Directions for this task →
The data below contains pictures, which are to be skipped; the lines starting at the line with "New 2026 Chevrolet" and ending at the line with "2427 Presidential Way" are to be output exactly, both ends included.

Information supplied →
##########

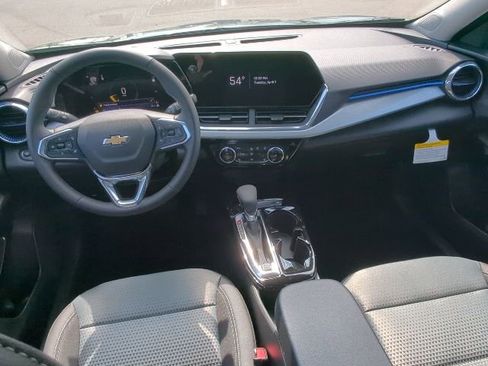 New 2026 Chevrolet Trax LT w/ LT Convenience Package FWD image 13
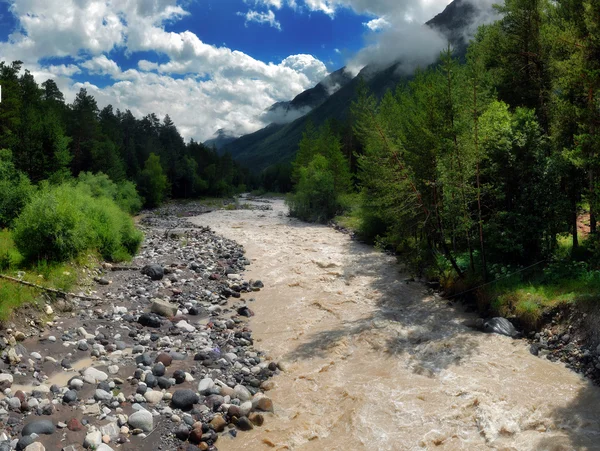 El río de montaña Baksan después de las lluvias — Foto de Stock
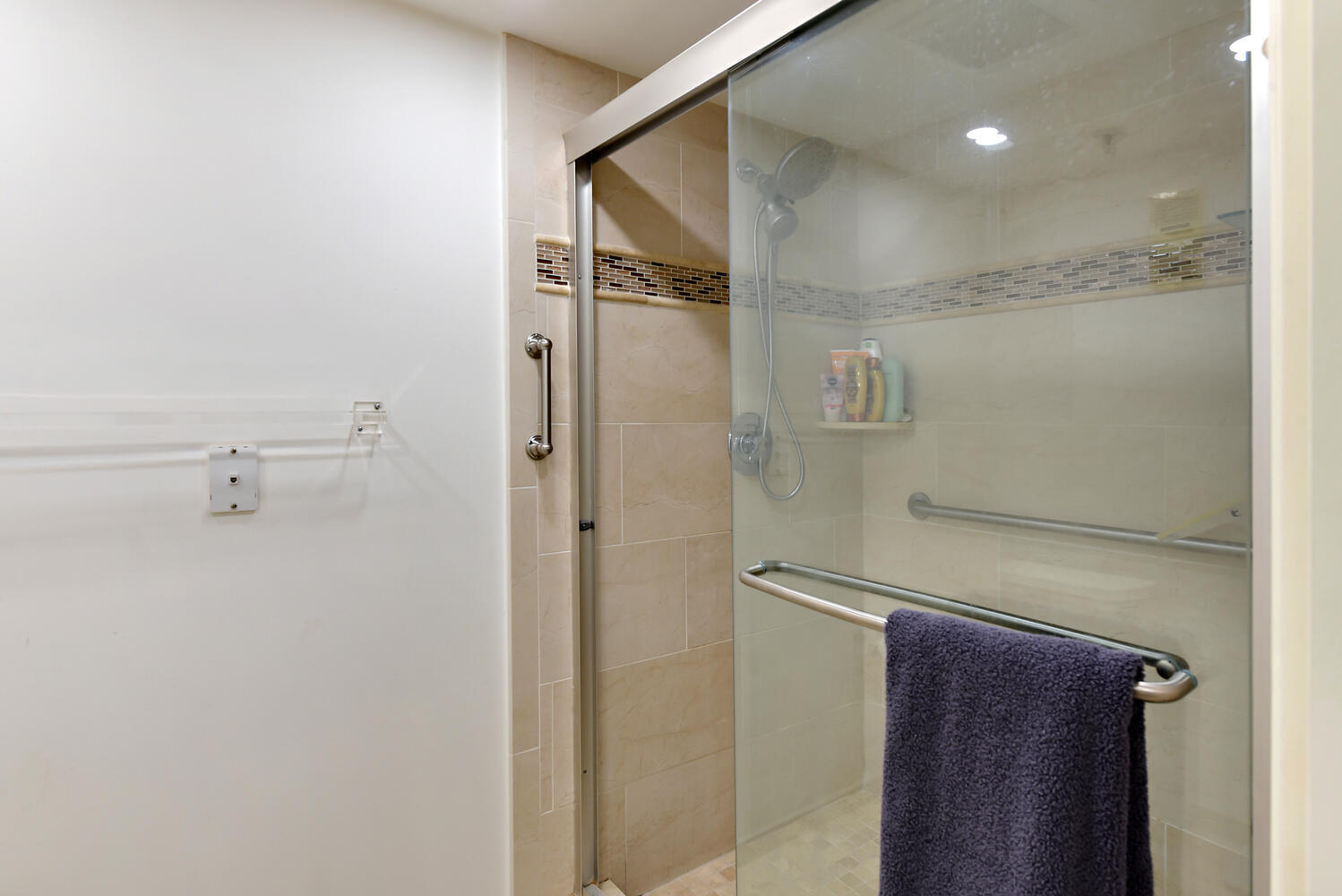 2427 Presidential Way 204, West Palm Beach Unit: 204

##########

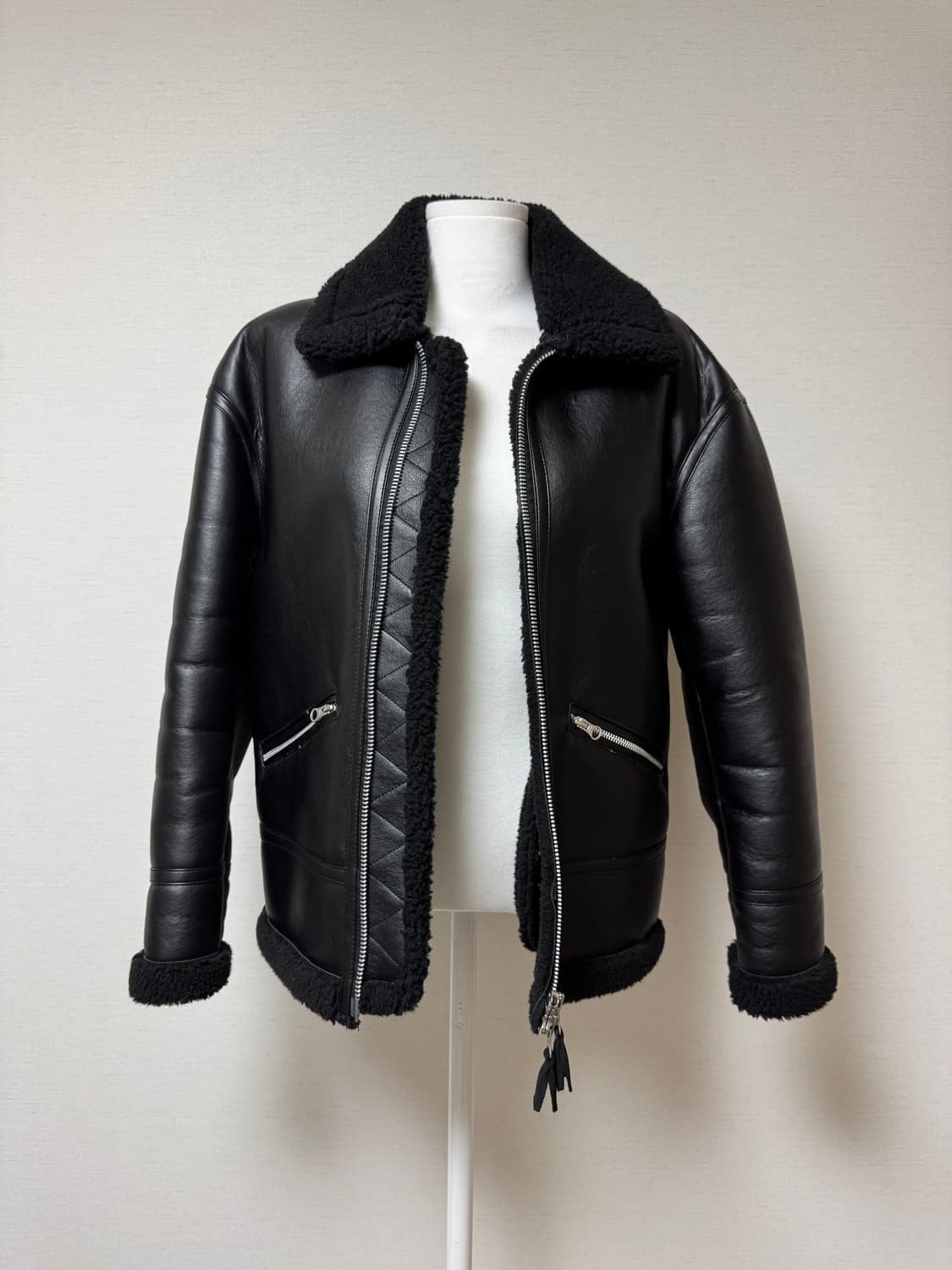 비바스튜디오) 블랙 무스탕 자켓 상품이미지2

##########

Task solution →
 New 2026 Chevrolet Trax LT w/ LT Convenience Package FWD image 13
 El río de montaña Baksan después de las lluvias — Foto de Stock
 2427 Presidential Way 204, West Palm Beach Unit: 204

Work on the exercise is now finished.